We already have decidedly more achievable examples here. For passenger service, the medium-range jet and turboprop, and the invention of practicable automobiles, have already demonstrated 'railroad obsolescence' pretty dramatically -- as well as establish where railroads are functionally indispensable. Freight service has similar examples, albeit often 'non-common-carrier' (like pipelines and long conveyor systems for specific commodities, or better/cheaper water transport, or airplanes for courier and express service)
The current 'game changer' is surely the advance of autonomous vehicle technology, although my opinion is that this is largely NOT dangerous to long-haul freight railroading ... or LD passenger service formatted as an 'experience' and not just point-to-point transportation services.
Teleportation is much more a risk and much more an expense than any simple transportation mode -- including rockets or fancy interstellar propulsion systems (like the one in The Mote in God's Eye). I can see little point in an instantaneous transportation system when a halfway-decent skip-glide hypersonic transport can achieve the same effect within 54 minutes anywhere (further than about 1000 miles apart) on the Earth's surface, especially when the former is many orders of magnitude more expensive and decidedly uncertain in so many ways.

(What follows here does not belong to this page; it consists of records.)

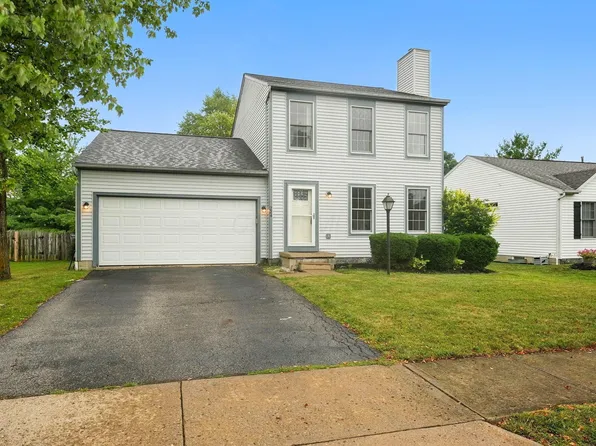 224 Overtrick Dr, Delaware, OH 43015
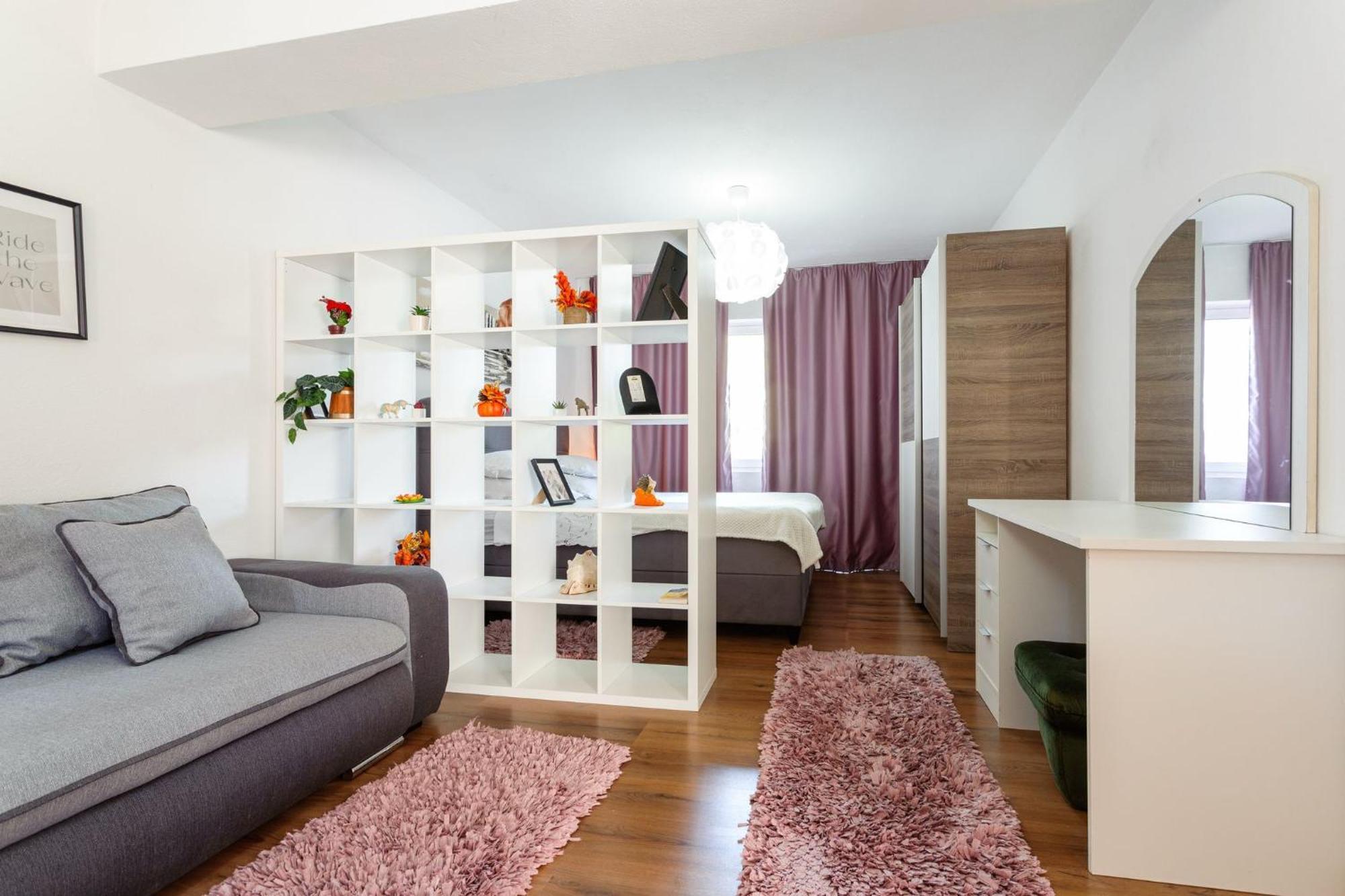 Apartmán Marie Split Exteriér fotografie
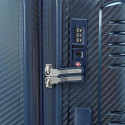 Валіза Travelite ZENIT/Blue M Середня TL075748-20 Валіза Travelite ZENIT/Blue M Середня TL075748-20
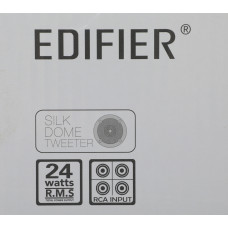 Колонки Edifier R1000T4 2.0 коричневый 24Вт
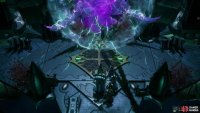 Tervantias will be like wtf bro, and the warp shall possess him. You’ll be called a good boy, and then Tervantias shall become meat stew.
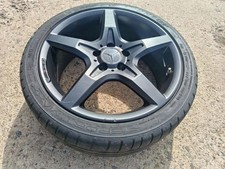 Mercedes SLK R170 R171 R172 18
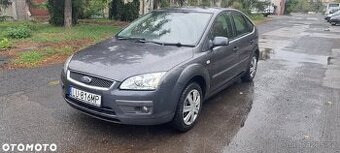 FORD Trend Plus Focus 1.6 MR`05 E4 RHD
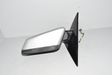 Manual wing mirror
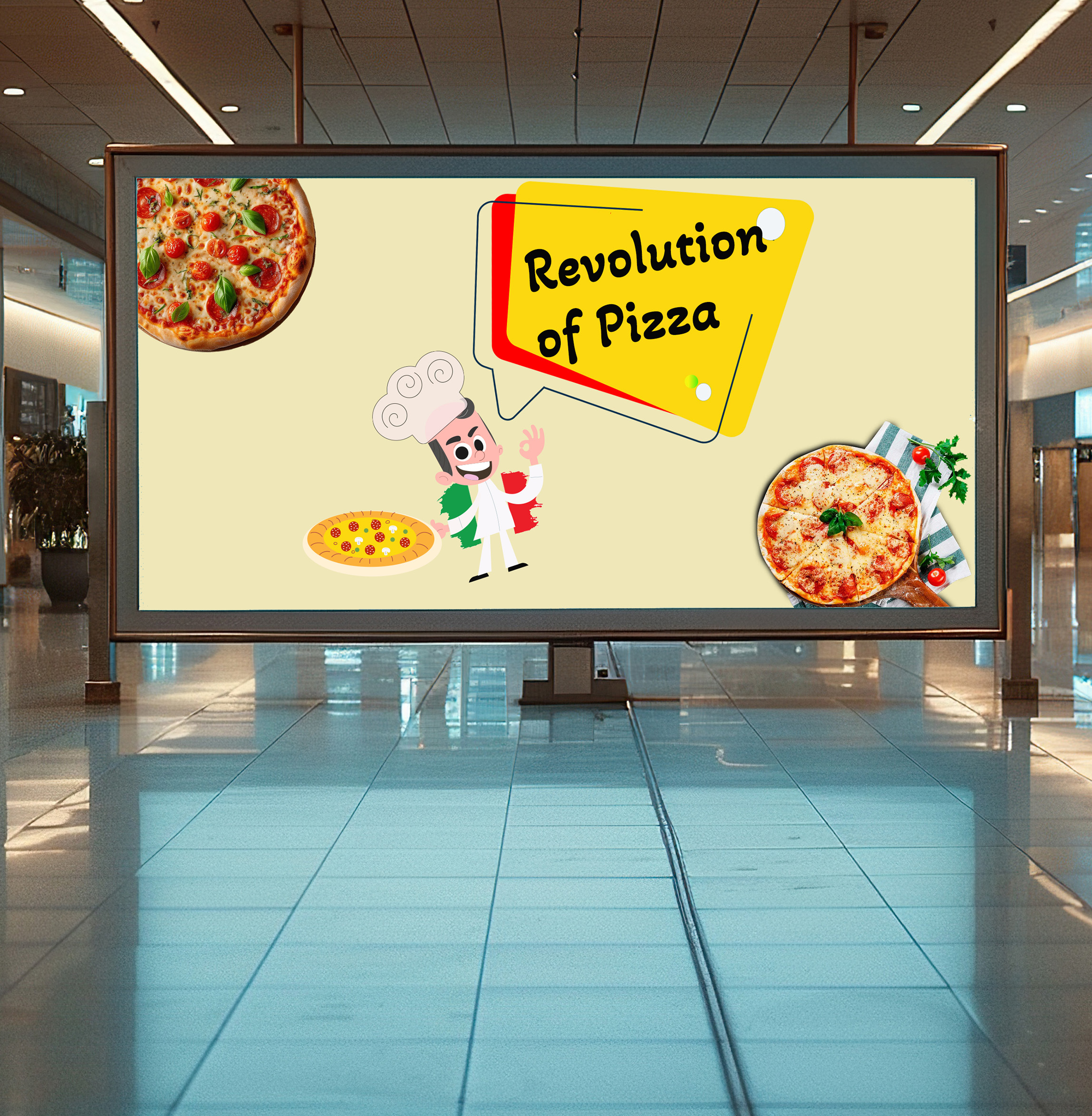 Pizza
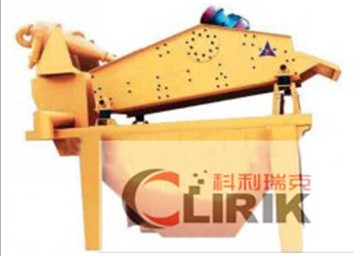 LZ系列細砂回收機產(chǎn)品圖片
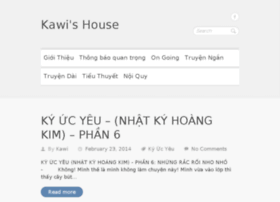 kawihongphuong.net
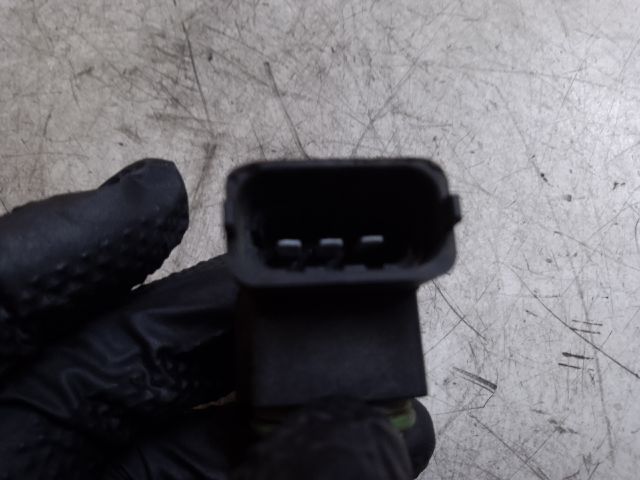 bontott MERCEDES-BENZ E-CLASS Vezérműtengely Fordulatszám Jeladó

This was a Really Big Subject back in the mid-1960s, and I refer you to the 'work product' of the Johnson high-speed rail initiative if you want some examples. The TL:DR answer is 'no'. The slightly more extended version is that GEVs involve just as much if not more guideway expense and maintenance criticality as comparable steel-wheel-on-steel-rail systems, for much more fuel expense and noise.
One idea in the early '60s was that hovercraft 'intermodal' operations would be a benefit -- you could cross the Channel on a (relatively) high-speed turboprop ferry and transition directly to a guideway going to London or other areas. That is still possible ... if you want large, dedicated swathes of alignment-critical concrete used only by toys for the rich. They don't involve quite as much of the foundations and civil required for the 'equivalent' multiple-lane highway, but have much, much less alternative use. The alternative, running over unimproved property, might be interesting for some rural bus services but manifestly not for travel in between cities with any appreciable suburban development.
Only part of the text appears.